Tomorrow, the United States will inaugurate the first African-American President in the country's history. As Barack Obama was making his way to Washington DC on his historic reenactment of Lincoln's train trip, my mother called and was somewhat shocked that I was not following the minute-by-minute details of the train ride.
"It's historic," she said.
Yes, I suppose she's right. It's going to be the first time in history that we have a black President. But, frankly, I did not volunteer for Barack Obama, or vote for him, because he is black. I was so committed to his candidacy because he, quite simply, was the best candidate.

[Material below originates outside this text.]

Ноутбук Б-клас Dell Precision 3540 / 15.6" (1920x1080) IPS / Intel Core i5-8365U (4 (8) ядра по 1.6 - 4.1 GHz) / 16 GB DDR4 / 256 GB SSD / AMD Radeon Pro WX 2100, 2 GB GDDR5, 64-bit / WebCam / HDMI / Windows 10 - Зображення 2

I had two opportunities to vote for Barack Obama. Once in the primaries, and then again in November. The first time I supported him in a losing cause here in New York. Hillary Clinton absolutely schooled him, which is to be expected since she was the very popular and effective junior Senator from this state. I knew Obama stood no chance of winning the popular vote during the primaries here, but I voted anyway because I believed he was a better candidate than Clinton.
Ditto for the general election. Even though Obama certainly did not need my vote to carry New York, I gave it to him anyway, as well as a dozen or so votes I got out in the greater Carbondale, PA metropolitan area.
I do not mean to belittle the sense of relief of so many African-Americans who are genuinely moved by the election of Obama. However, I'll be here in my corner thinking that Barack Obama's presidency is historic in that he is the most insipirational President to ever be sworn in. It will be historic in that he is perhaps the most intelligent President who has ever served. And, I hope to be able to say in eight years, the his administration will be historic in that it has been the most successful ever.
Oh, yeah, and he happened to be black, too.
All the best, Mr. President. I for one can't wait for you to get started.